Browse Tag: half of a yellow sun

African Women in Film: New Screen Adaptation of Chimamanda Adichie’s Novel, Half of a Yellow Sun

There are plans underway for a major screen adaptation project based on one of Nigeria’s most treasured novels, Half of a Yellow Sun.

Half of a Yellow Sun, published in 2006, is an award-winning novel by a Nigerian woman author, Chimamanda Ngozi Adichie. It tells the story of two sisters, Olanna and Kainene, during the Biafran War, which began when the Igbos tried to secede as the Republic of Biafra due to political and ethnic struggles among the major ethnic groups — the Igbo, Yoruba, Hausa, and Fulani.

The war lasted for about three years, during which Nigeria cut off all humanitarian aid to Biafra, resulting in the deaths of hundreds of thousands of Igbo people due to starvation and disease. The effect of the war is shown through the dynamic relationships of four people’s lives ranging from high ranking political figures, a professor, a British citizen, and a houseboy. After the British left Nigeria, the lives of the main characters drastically changed and were torn apart by the ensuing civil war and decisions in their personal life.

Half of a Yellow Sun is undoubtedly one of Africa’s literary gems as it — for once — tells the history of the Nigerian people from the perspective of its inhabitants, and in particular, women and gender during political unrest and times of war. From the novel’s New York Times review:

Like Nadine Gordimer, she likes to position her characters at crossroads where public and private allegiances threaten to collide. Both “Half of a Yellow Sun” and Adichie’s first novel, “Purple Hibiscus” explore the gap between the public performances of male heroes and their private irresponsibilities. And both novels shrewdly observe the women — the wives, the daughters — left dangling over that chasm.

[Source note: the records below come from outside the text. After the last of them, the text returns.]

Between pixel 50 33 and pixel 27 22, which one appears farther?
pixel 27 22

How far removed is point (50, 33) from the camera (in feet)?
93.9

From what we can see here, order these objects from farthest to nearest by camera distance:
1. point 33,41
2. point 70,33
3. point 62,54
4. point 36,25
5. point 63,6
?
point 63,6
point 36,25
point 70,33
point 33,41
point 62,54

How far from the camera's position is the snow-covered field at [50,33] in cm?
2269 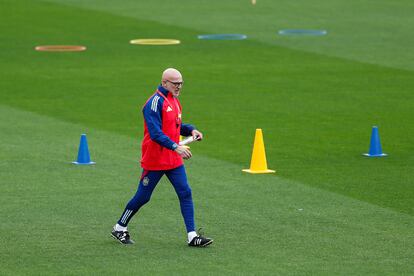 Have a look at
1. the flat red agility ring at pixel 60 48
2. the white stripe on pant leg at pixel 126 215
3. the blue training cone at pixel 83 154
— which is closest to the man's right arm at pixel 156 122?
the white stripe on pant leg at pixel 126 215

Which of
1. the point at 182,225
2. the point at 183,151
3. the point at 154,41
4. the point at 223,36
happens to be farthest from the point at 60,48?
the point at 183,151

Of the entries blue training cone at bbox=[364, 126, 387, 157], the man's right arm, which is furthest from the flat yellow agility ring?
the man's right arm

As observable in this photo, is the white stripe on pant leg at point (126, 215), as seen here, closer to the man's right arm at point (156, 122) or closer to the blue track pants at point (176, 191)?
the blue track pants at point (176, 191)

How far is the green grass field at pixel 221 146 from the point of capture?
13.6 meters

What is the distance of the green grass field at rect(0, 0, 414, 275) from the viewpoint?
1361 cm

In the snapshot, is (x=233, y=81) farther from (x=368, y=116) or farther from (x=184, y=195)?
(x=184, y=195)

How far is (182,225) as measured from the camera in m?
15.0

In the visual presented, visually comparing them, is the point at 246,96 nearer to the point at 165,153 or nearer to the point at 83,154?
Result: the point at 83,154

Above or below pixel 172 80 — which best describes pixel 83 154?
below

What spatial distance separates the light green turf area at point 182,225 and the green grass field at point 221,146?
3cm

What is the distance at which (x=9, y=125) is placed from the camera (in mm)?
22516

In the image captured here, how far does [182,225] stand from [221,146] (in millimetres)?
5797

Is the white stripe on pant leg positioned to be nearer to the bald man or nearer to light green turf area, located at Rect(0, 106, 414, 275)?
the bald man

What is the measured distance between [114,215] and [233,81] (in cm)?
1313
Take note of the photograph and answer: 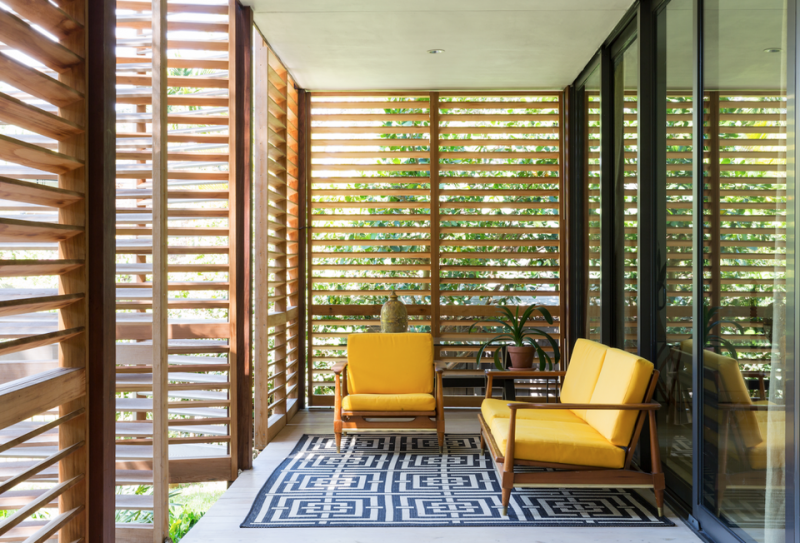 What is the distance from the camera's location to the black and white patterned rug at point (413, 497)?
3.36m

“Half of a Yellow Sun” speaks through history to our war-racked age not through abstract analogy but through the energy of vibrant, sometimes horrifying detail. A refugee flees the north by train, carrying in a bowl her daughter’s head, still bearing its delicate braids. Famished children in refugee camps find themselves unable to outpace and catch lizards. A child soldier, nicknamed Target Destroyer, uses “words like enemy fire and Attack HQ with a casual coldness, as if to make up for his crying.” A girl’s belly starts to swell, and her mother wonders: is she pregnant or suffering from malnutrition?

Africa has had much of its history depicted through mainly male characters; the on-going plight of women and children during times of war has often been reduced to b-roll (i.e. supplemental or alternate footage intercut with the main shot) and fast-cut action scenes portraying sexual violence, it seems, mainly for shock value — as in rape scenes in films like Tears of the Sun and Hotel Rwanda. There are also rarely prominent African women characters who exist beyond their relationship to men. It isn’t often that movie-goers get to experience African women on screen as full, complex characters in the context of their every day lives. Hence, Half of a Yellow Sun, an intricate and emotionally honest story told through the lives of two very different Nigerian sisters, being adapted for film could mean a huge leap for the preservation of Nigerian women’s history, as well as the portrayal of African women in film.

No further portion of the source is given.